*WHAT TO DO:*
Repeat the lines below exactly as they appear, but leave out the images.

*EXERCISE DATA:*
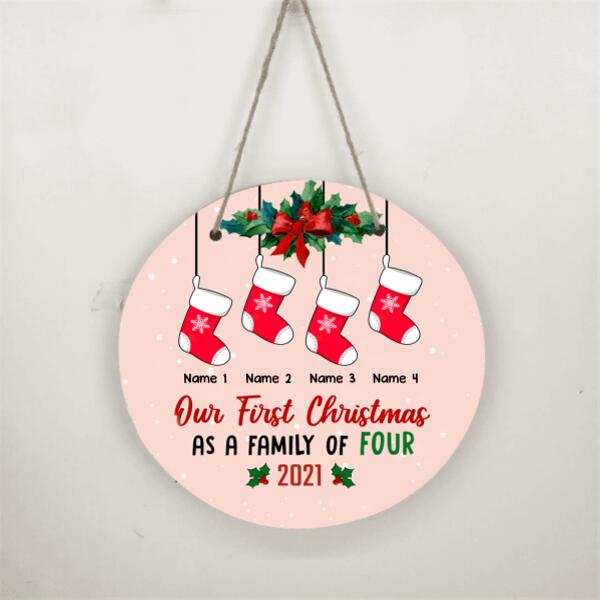 Our Family First Christmas Personalized Doorplate - Socks, Number Of People and Names can be customized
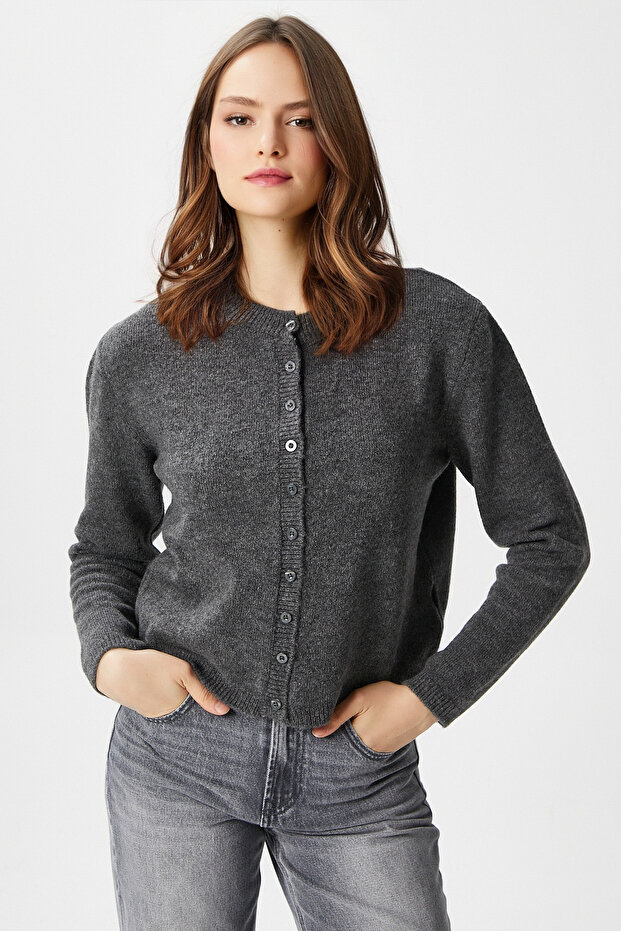 Kadın Nina Bisiklet Yaka Antrasit Basic Hırka - 2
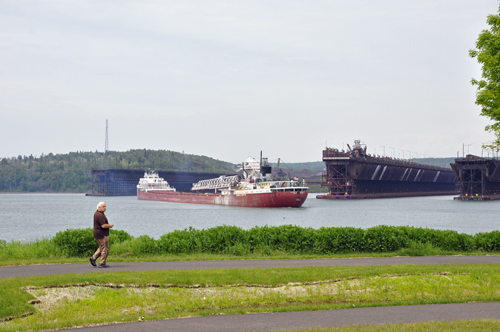 The SS Arthur M. Anderson cargo ship near Two Harbors Lighthouse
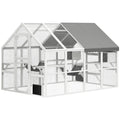 Wooden Catio Outdoor Cat Enclosure for Cats with Waterproof Cover – White / 1240x740x230 mm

*WRITTEN SOLUTION:*
 Our Family First Christmas Personalized Doorplate - Socks, Number Of People and Names can be customized
 Kadın Nina Bisiklet Yaka Antrasit Basic Hırka - 2
 The SS Arthur M. Anderson cargo ship near Two Harbors Lighthouse
 Wooden Catio Outdoor Cat Enclosure for Cats with Waterproof Cover – White / 1240x740x230 mm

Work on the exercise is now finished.